= ACTIVITY =
Could you restate word for word every line from the one containing "Clemson PRTM alumni" to the end of the data below, pictures excluded?

= INPUT DATA =
###

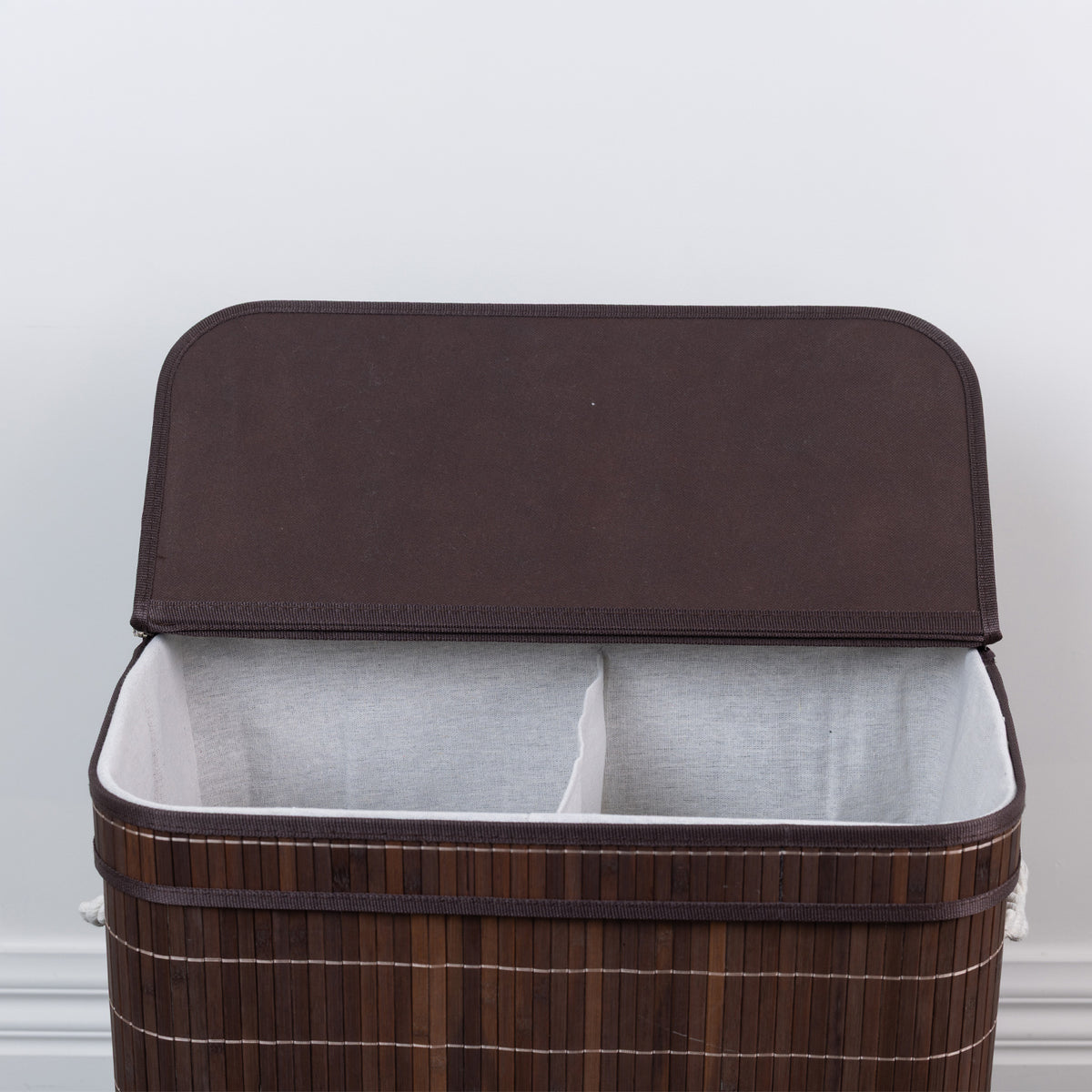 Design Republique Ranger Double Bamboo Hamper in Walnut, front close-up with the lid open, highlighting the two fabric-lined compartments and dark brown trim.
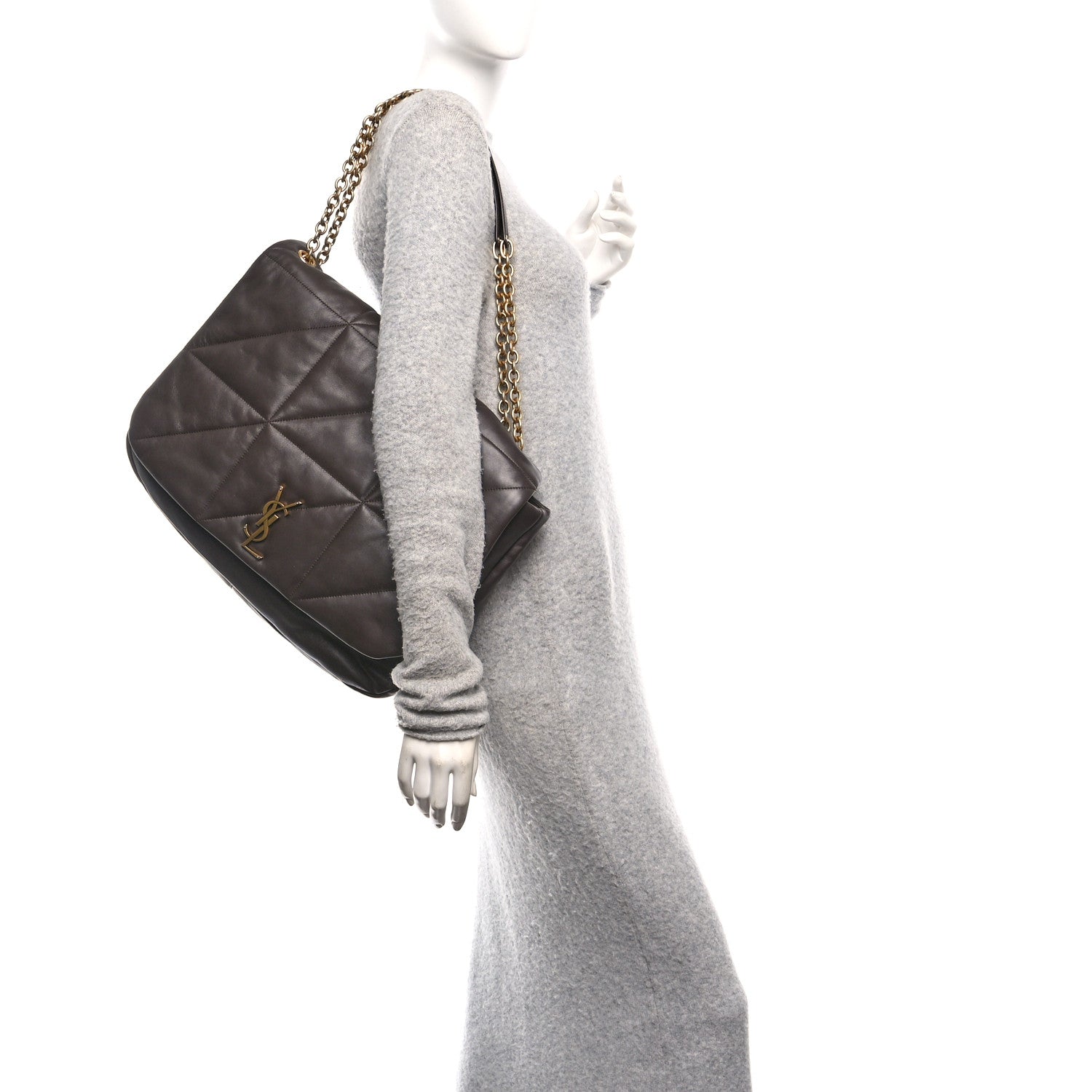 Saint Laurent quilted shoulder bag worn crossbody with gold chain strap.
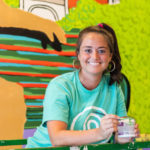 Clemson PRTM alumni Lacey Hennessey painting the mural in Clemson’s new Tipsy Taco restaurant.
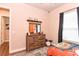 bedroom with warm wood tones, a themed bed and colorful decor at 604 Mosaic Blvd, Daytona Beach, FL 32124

###

= RESPONSE BELOW =
 Clemson PRTM alumni Lacey Hennessey painting the mural in Clemson’s new Tipsy Taco restaurant.
 bedroom with warm wood tones, a themed bed and colorful decor at 604 Mosaic Blvd, Daytona Beach, FL 32124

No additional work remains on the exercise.